S&P 500 closes higher for fourth straight day, but storm clouds remain
Wall Street’s relief rally continues, but are investors becoming overly optimistic ahead of the latest inflation rate?
Investors remain optimistic that the worst could be over.
Shares have continued their impressive run during Monday’s trading period as a weakening US dollar and a slight reduction in oil prices have investors thinking inflation may have peaked.
The S&P 500 is up 1.06% and closed at 4,110.41 while the tech-heavy Nasdaq composite rose by 1.27%.
Wall Street’s strong rebound extended to European markets, including England’s FTSE 100 trading up 1.66%.
Australia’s market is now predicted to be above 7,000 points during the morning’s trading.
Things are bad, but could be worse
Despite the recent rally, the US Federal Reserve is still predicted to lift rates.
It has even gone as far as saying it’ll fight inflation at the expense of economic growth.
This is because the inflation rate is at a 40-year high.
At the same time, the war in Ukraine goes on and puts pressure on commodity prices, including oil and wheat.
But while both are bad, things could be worse.
“The combination of the somewhat surprising successes in Ukraine and the possibility of a very favourable inflation headline that maybe even shows a decline for last month may put us into a situation where we have a continued rally here,” Toews Asset Management CEO Phillip Toews told CNBC.

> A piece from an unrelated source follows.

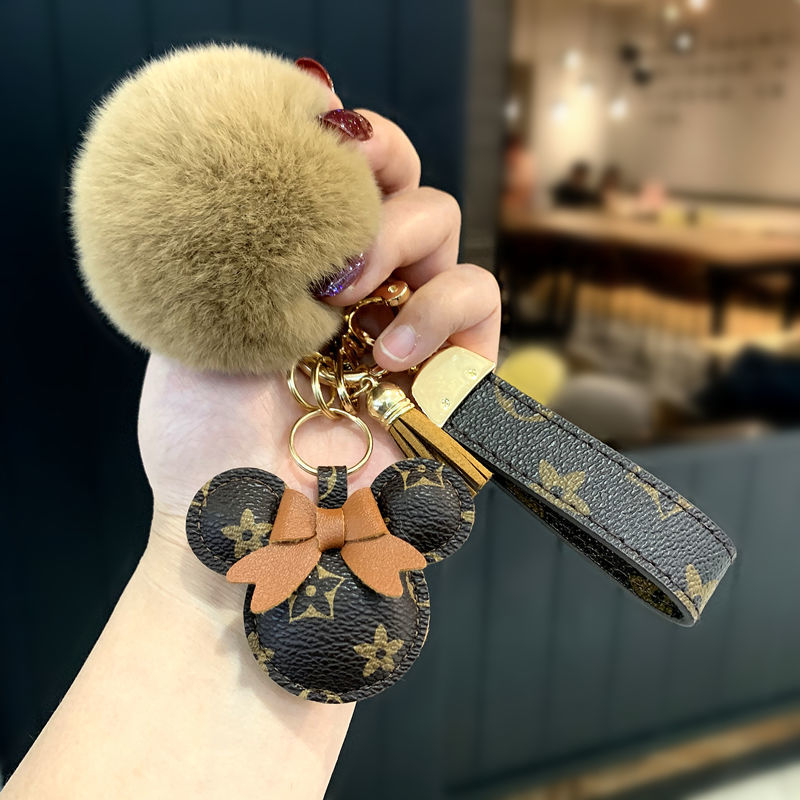 Designer Keychain Bear Head Leather Fur Ball Pendant Key Chain Bow Car Pendant Metal Fashion Personality Creative Cute1260592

“And at that point, the main threat in the short term and in the medium term will be whether earnings continue to deteriorate.”
Once again the market will be on Fed watch.
The market largely expects another 75-basis-point rise in September as the Fed fights inflation.
But watch for the language used.
Investors will be looking for signs that the worst of inflation is over.
Positive commentary could see the relief rally continue while negative signs will likely see another market pull-back.